We've all had the typical breakfast egg strata before but this version, given to me by my sis-in-law, is a lovely breakfast that's a little more sophisticated for company. Great for those that don't eat meat too!

Overnight Rosemary & Onion Strata

I large onion, chopped
2 Tbls. butter
1 lb. grated Monterrey jack cheese
1/4 c. fresh minced rosemary
3 cups heavy cream
large baguette, cut into 1-inch sliced and quickly toasted in a hot oven on a cookie sheet.
10 eggs
1 tsp. salt
1/4 tsp. Tabasco sauce

Cook onion in butter until golden and remove from heat. Arrange toasted bread on the bottom of a greased 9x13 baking dish and sprinkle with 1/2 of cheese, 1/2 of onion and 1/2 of rosemary. Arrange remaining toast on top of that layer and repeat with cheese, onion and rosemary. In a bowl whisk eggs, cream, salt and Tabasco. Slowly pour over arrange toast layers. Cover and chill overnight. When ready to cook, preheat oven to 375 degrees and bake uncovered for 40 minutes.

Easy Creamy Chicken Enchiladas

Enchiladas are something I love to make for a crowd. It's an easy make ahead dish and with some rice or beans and a Mexican-inspired dessert - you have a game plan for easy entertaining. This basic recipe can be embellished but it's been a hit just as is!

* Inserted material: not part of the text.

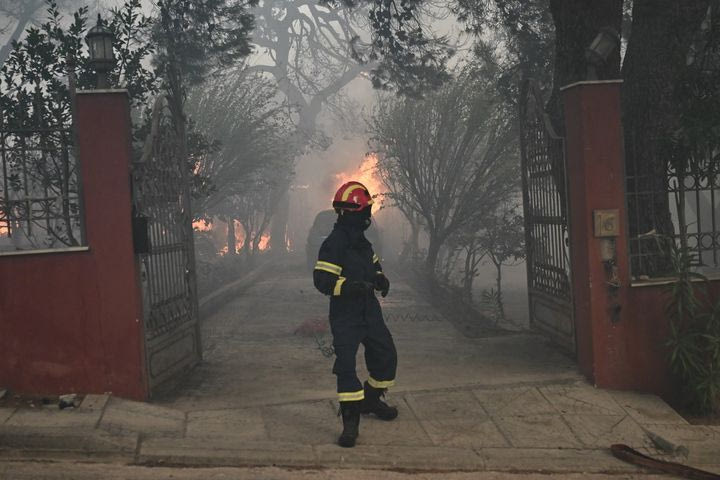 Φωτιές στην Αττική: Μεγάλη αναζωπύρωση στη Νέα Μάκρη – Εκκενώθηκε ο Ερυθρός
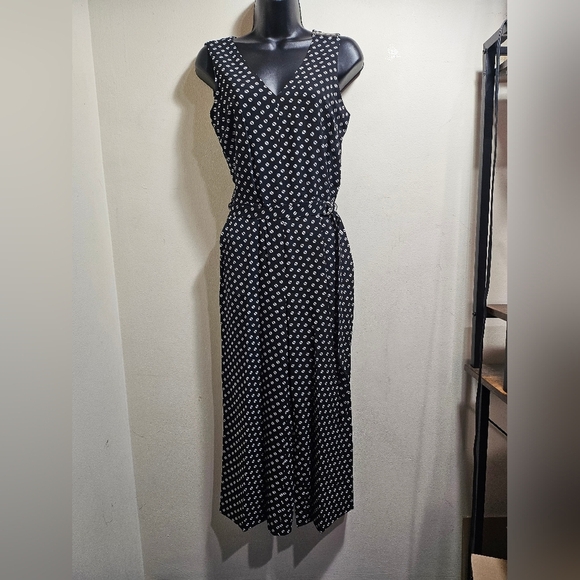 Michael Kors Sleeveless Jumpsuit Crop Pants 4 Black White Polka - Picture 4 of 9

Easy Creamy Chicken Enchiladas

12-14 large flour tortillas (I buy 2 pkgs. because I never know how many I'm going to get out of the filling.)
1 large Spanish onion, chopped
1 block cream cheese
3 cups cooked and either diced or shredded chicken (hello pre-cooked rotisserie chicken!)
1 package low-sodium taco seasoning
1 small can chopped green chilies, drained
2 cups heavy cream (wondering if half & half would work too?)
2 cups any Mexican blend cheeses, shredded - Mont. Jack, cheddar or even pepper Jack for a kick.

In a larger skillet, saute onion in a bit of vegetable oil for a minute or two then add green chilies to soften. Add chicken, taco seasoning and cream cheese to the pan and stir until cheese has melted. Grease 9x13 baking dish. Place tortilla on a work surface and place roughly 1/3 cup of filling on tortilla and roll up. I eyeball this which is way I never get the same amount of enchiladas! Place the tortilla in dish seam side down. Repeat until all the filling is done. Pour cream over all enchiladas and then top with shredded cheeses. Bake uncovered at 350 degrees for 35 - 40 minutes or until hot and bubbly.